## Exercise brief:
Copy, pictures aside: the lines below from the one that holds "crew Womens Blue" through the final line of the listing, both ends included, exactly as they are and nothing else.

## Supplied information:
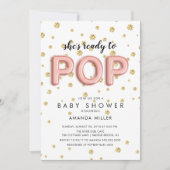 バルーン READY TO POP ガールズシャワー招待状 招待状 (正面)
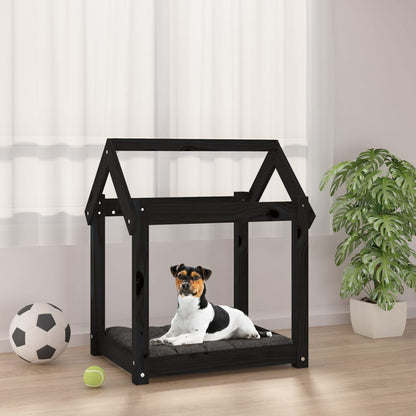Dog Bed | Black | Solid Pine Wood | 61x50x70 cm |  Minimalistic | Dog Bed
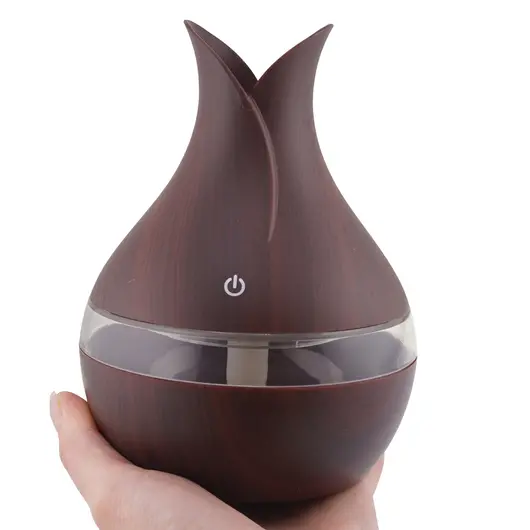 Difuzor Mini USB Humidifer, 300 ml, functie de umidificator, aroma difuzor, LED 7 culori, maro inchis, imagine 3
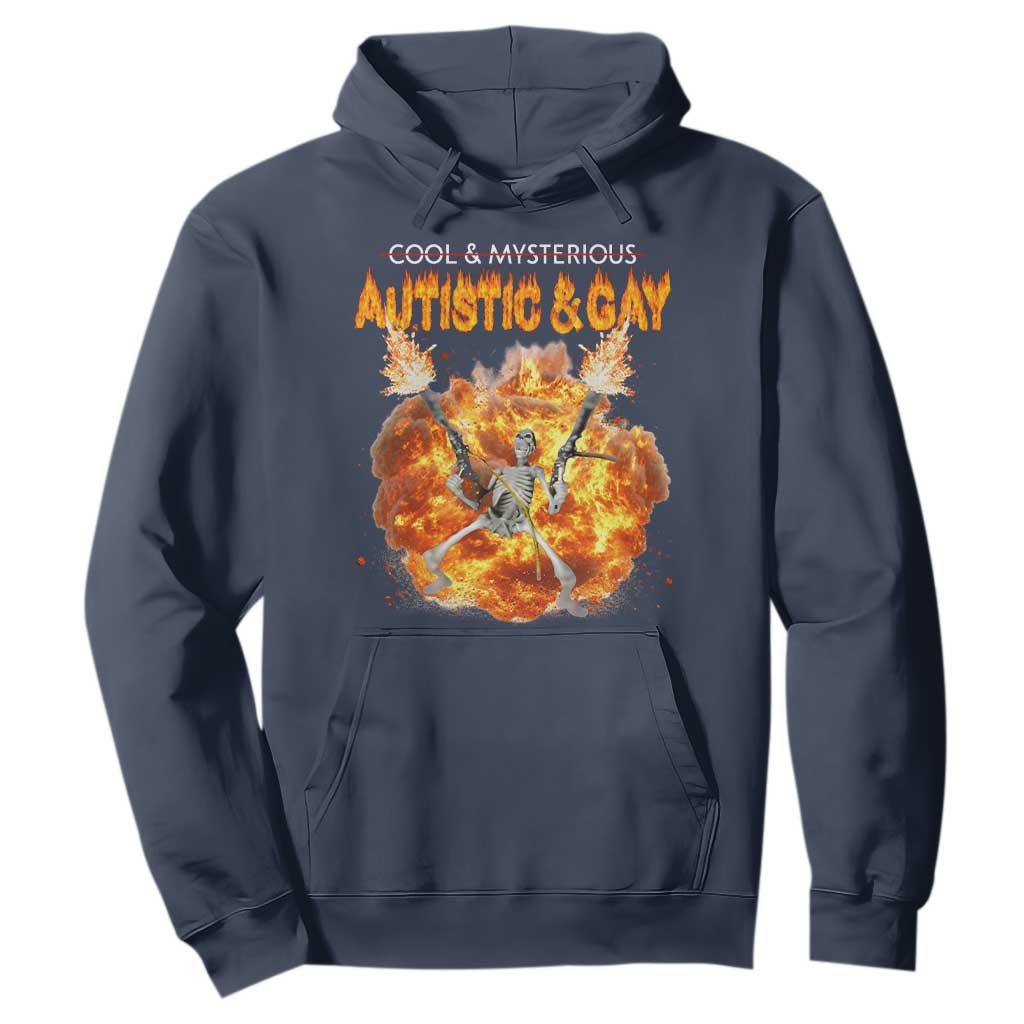 Autistic And Gay Skeleton Explosion Hoodie TS10 Navy Print Your Wear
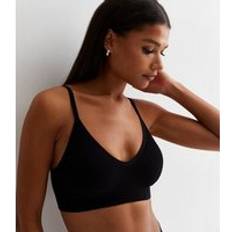 New Look Black Ribbed Seamless Bralette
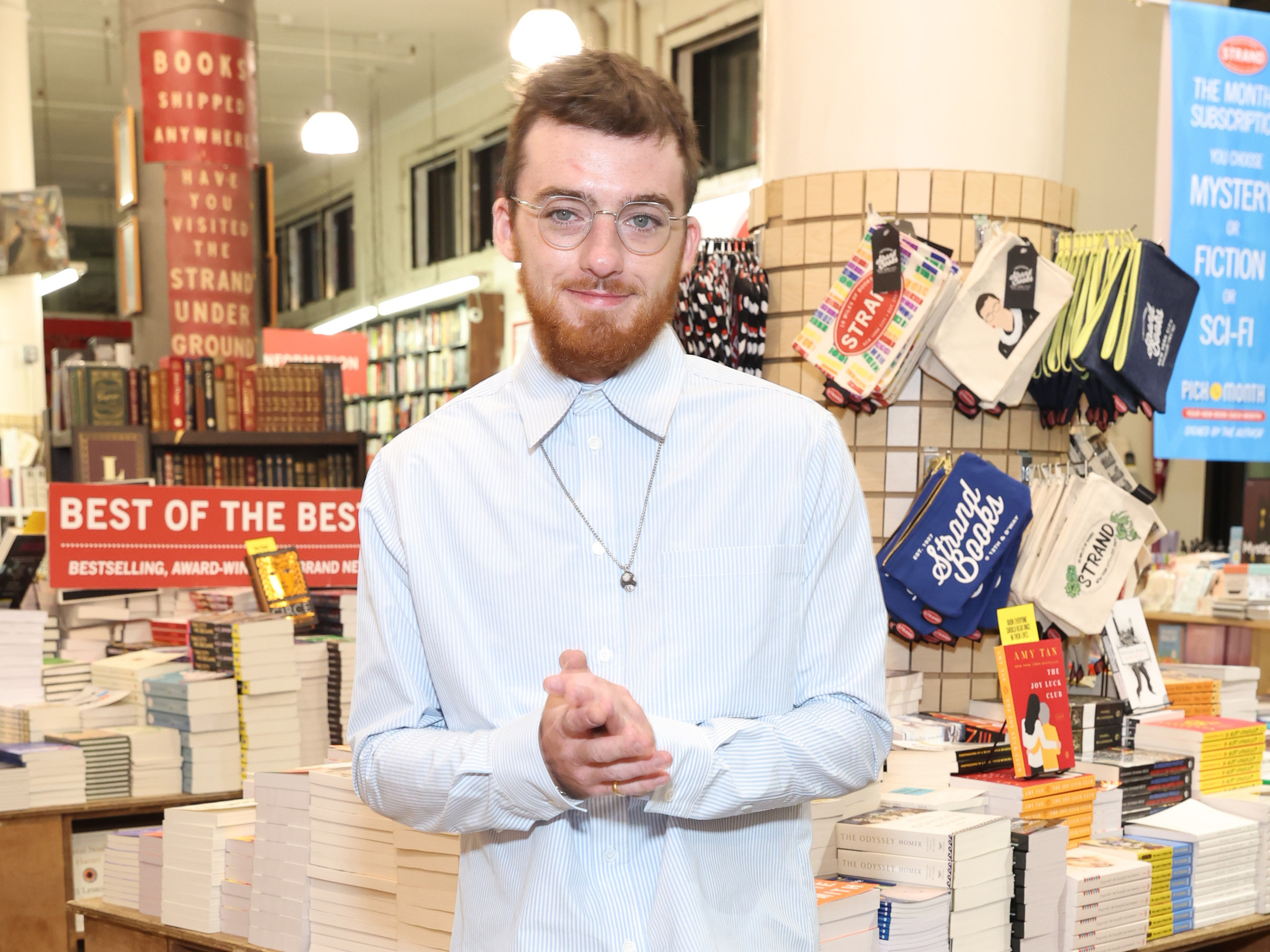 caption: Angus Cloud made a deep impression on viewers and his fellow actors, in a TV and film career that was still rising. He's seen here last fall, attending a dinner at the Strand Bookstore in New York City.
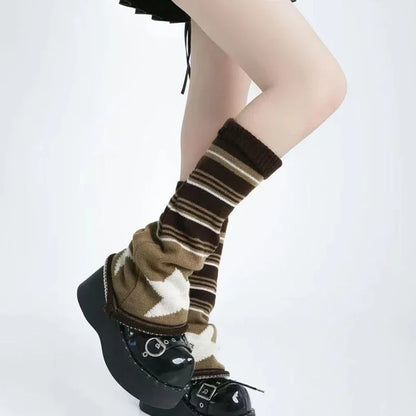 Gothic Brown Star Knitted Sock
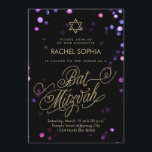 Convites Bat Mitzvah | Roxo Elegante e Dourado<br><div class="desc">O confete de buracos cintilantes brilha em cor-de-rosa translúcida, roxo e azul ao fundo deste glamouroso convite de Bat Mitzvah, com uma estrela de folha dourada falsa de David e um marcador de brilho dourado "Bat Mitzvah" num roteiro de rico com muitos florescimento. Por favor, note que NÃO é folha...</div>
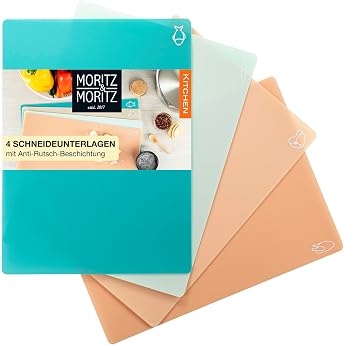 Moritz & Moritz 4 x Kitchen Cutting Mat   28 x 38 cm   Cutting Mat Kitchen for Quick Work   Cutting Board Plastic Flexible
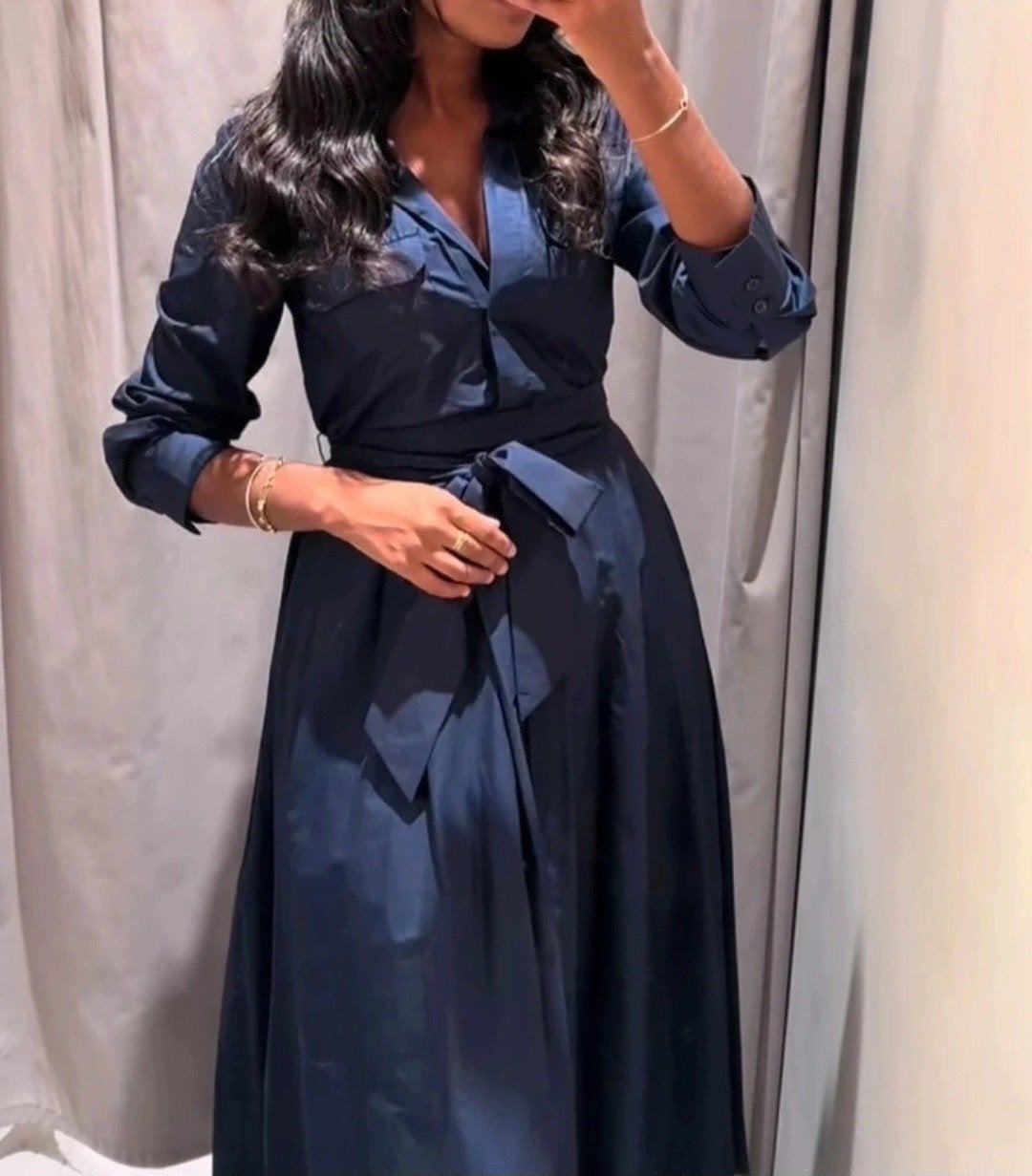 Zara Popeline Jurk Maat M - Nieuw met prijskaartje, Maat 38/40 (M), Blauw, Zara, Nieuw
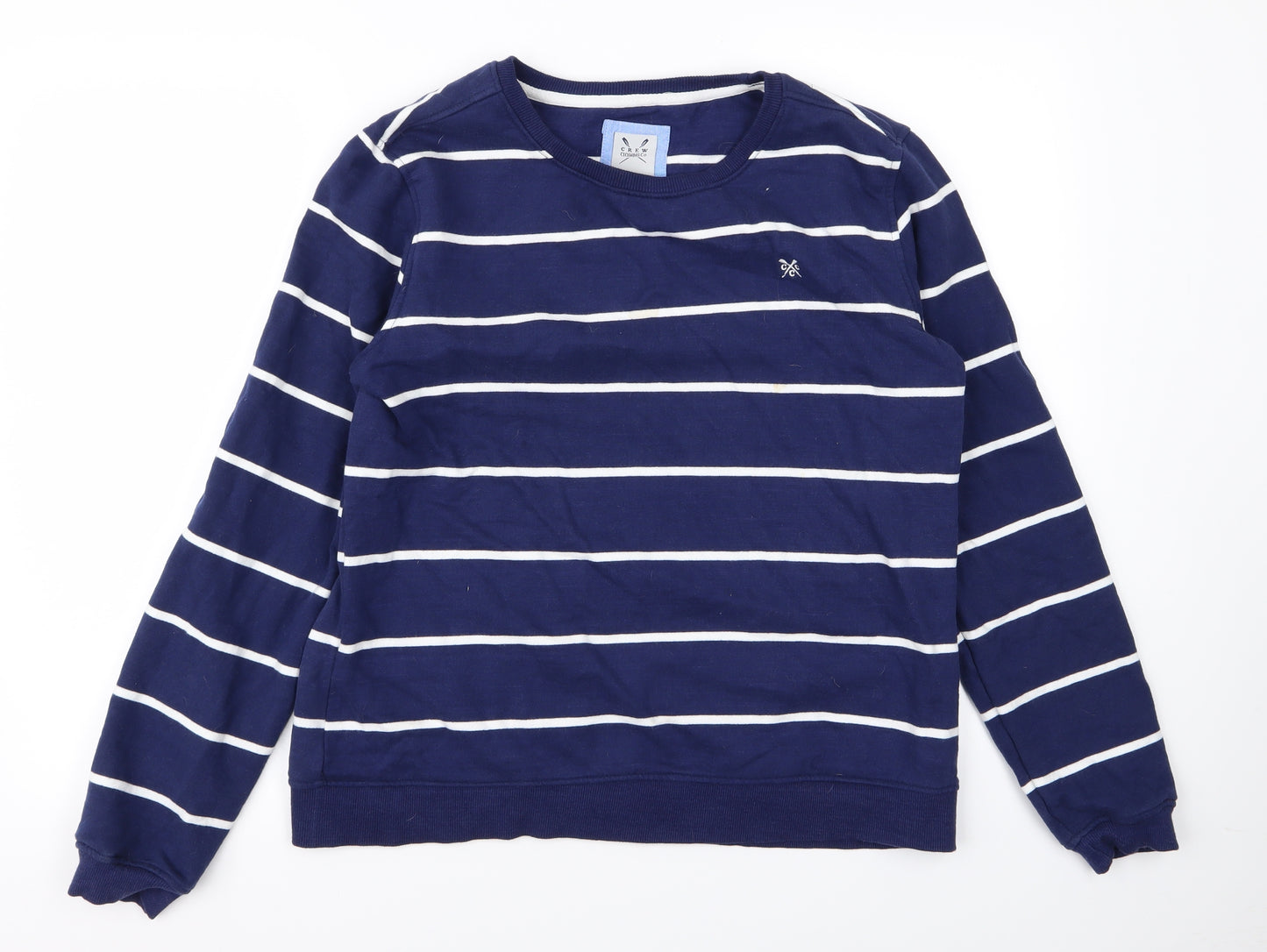crew Womens Blue Striped  Pullover Jumper Size 14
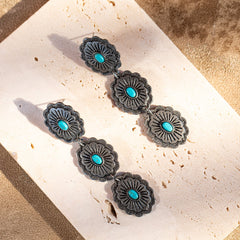 Rustic Couture's  - Western Concho Dangle Earring With Turquoise Stones By Pairs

## Written answer:
crew Womens Blue Striped  Pullover Jumper Size 14
 Rustic Couture's  - Western Concho Dangle Earring With Turquoise Stones By Pairs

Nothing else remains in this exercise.